(Collection entries)
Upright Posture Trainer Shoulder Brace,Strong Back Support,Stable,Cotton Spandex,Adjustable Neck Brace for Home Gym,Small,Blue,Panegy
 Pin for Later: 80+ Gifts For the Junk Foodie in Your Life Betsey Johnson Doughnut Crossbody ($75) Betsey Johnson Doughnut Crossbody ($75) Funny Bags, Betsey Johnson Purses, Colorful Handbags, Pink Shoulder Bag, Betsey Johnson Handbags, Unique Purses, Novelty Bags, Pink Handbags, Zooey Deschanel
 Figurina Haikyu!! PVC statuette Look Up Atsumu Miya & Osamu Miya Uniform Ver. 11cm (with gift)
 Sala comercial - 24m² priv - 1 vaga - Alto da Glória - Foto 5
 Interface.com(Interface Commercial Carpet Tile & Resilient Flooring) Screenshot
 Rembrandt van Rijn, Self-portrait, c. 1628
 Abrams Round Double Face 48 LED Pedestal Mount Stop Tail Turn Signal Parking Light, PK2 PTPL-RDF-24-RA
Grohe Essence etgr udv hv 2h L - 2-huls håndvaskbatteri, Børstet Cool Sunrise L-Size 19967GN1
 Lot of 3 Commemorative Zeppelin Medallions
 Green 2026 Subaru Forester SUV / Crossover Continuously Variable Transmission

» **Requirement**
From the data, list each line in which the string "Shoulder" appears.

» **Response area**
Upright Posture Trainer Shoulder Brace,Strong Back Support,Stable,Cotton Spandex,Adjustable Neck Brace for Home Gym,Small,Blue,Panegy
 Pin for Later: 80+ Gifts For the Junk Foodie in Your Life Betsey Johnson Doughnut Crossbody ($75) Betsey Johnson Doughnut Crossbody ($75) Funny Bags, Betsey Johnson Purses, Colorful Handbags, Pink Shoulder Bag, Betsey Johnson Handbags, Unique Purses, Novelty Bags, Pink Handbags, Zooey Deschanel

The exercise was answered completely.